# REQUIRED ACTION:
Copy out exactly the stretch of the listing below that begins at the line containing "Mini Camping Oven Gas Burner" and ends at the line containing "Montserrat Floors - Bellator", and copy nothing outside it.

# GIVEN INFORMATION:
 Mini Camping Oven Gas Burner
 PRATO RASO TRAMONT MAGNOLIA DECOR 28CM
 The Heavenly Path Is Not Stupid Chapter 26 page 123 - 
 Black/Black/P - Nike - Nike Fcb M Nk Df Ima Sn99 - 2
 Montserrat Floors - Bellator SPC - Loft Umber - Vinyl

---

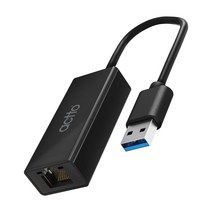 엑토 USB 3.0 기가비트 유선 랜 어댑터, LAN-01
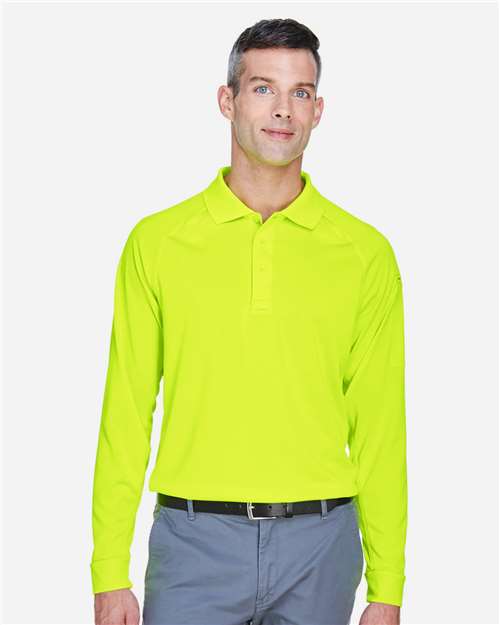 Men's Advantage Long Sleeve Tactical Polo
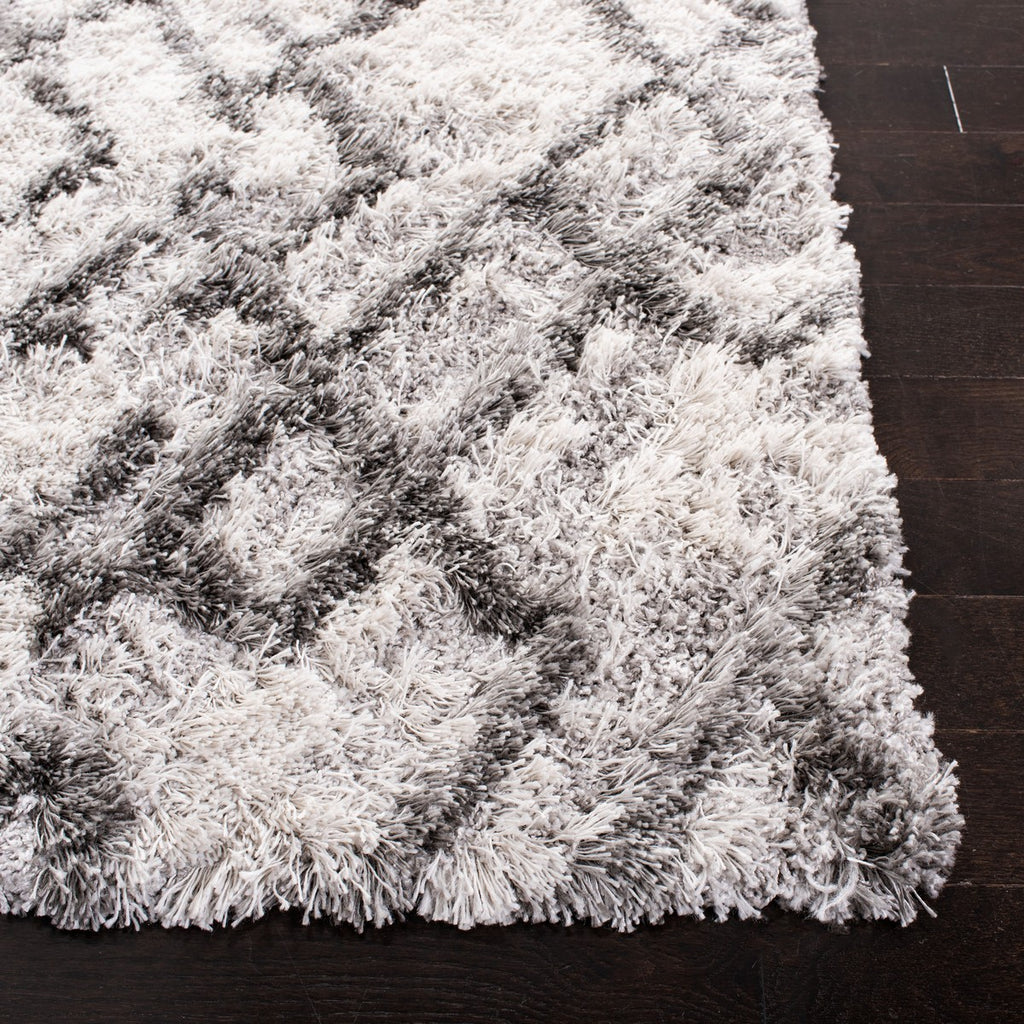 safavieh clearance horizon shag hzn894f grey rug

==

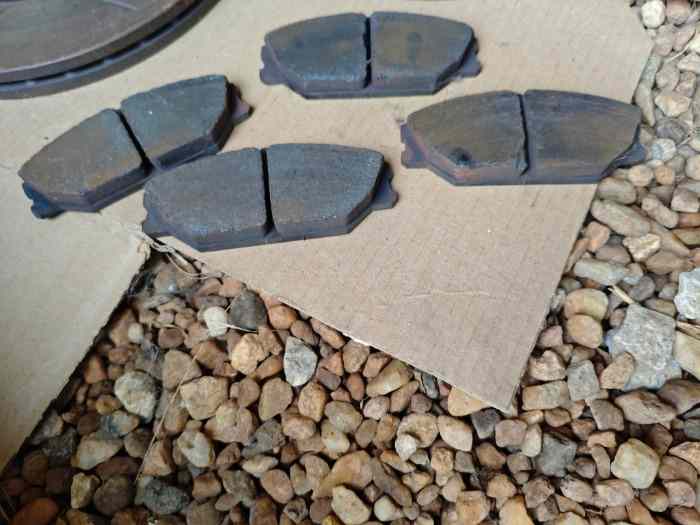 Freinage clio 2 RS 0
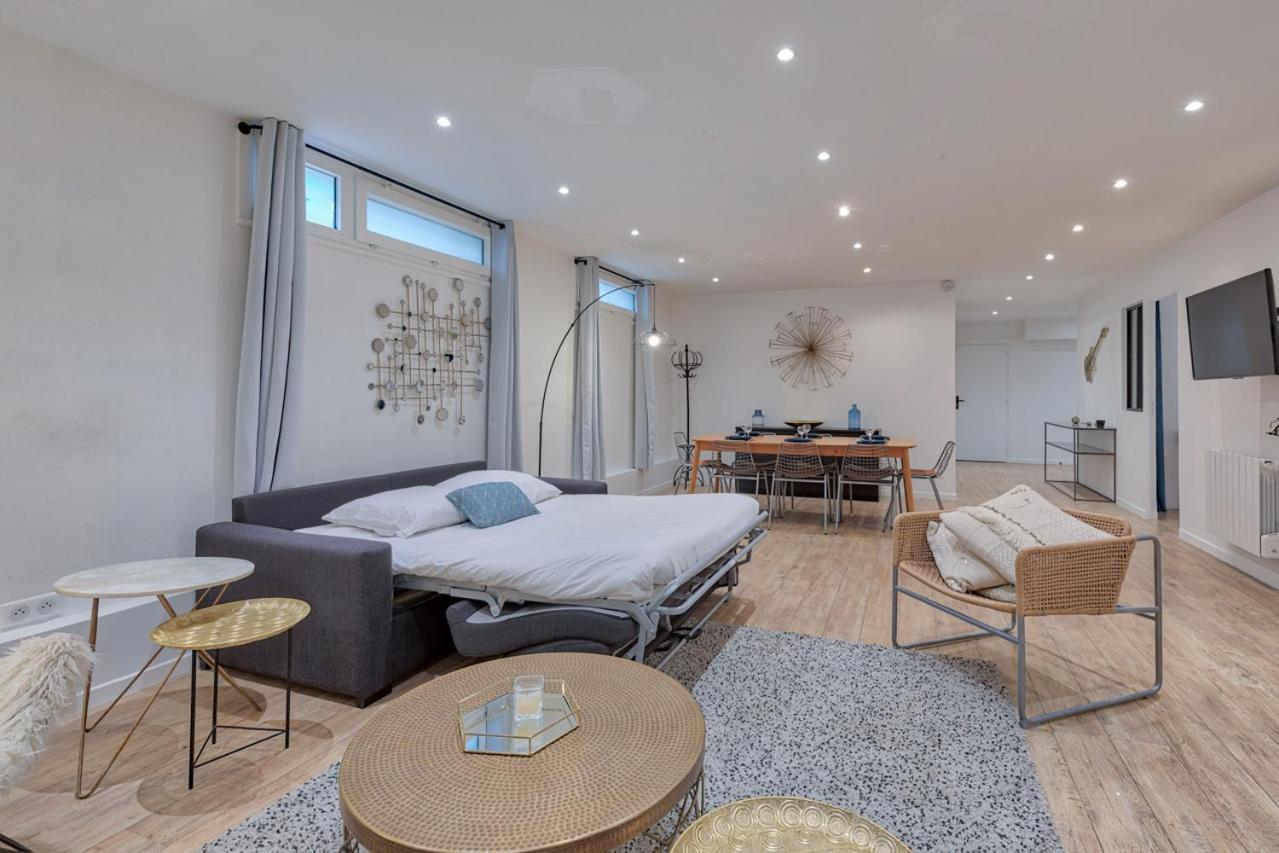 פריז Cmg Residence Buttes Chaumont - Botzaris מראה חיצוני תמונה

# RESPONSE TO THIS EXERCISE:
 Mini Camping Oven Gas Burner
 PRATO RASO TRAMONT MAGNOLIA DECOR 28CM
 The Heavenly Path Is Not Stupid Chapter 26 page 123 - 
 Black/Black/P - Nike - Nike Fcb M Nk Df Ima Sn99 - 2
 Montserrat Floors - Bellator SPC - Loft Umber - Vinyl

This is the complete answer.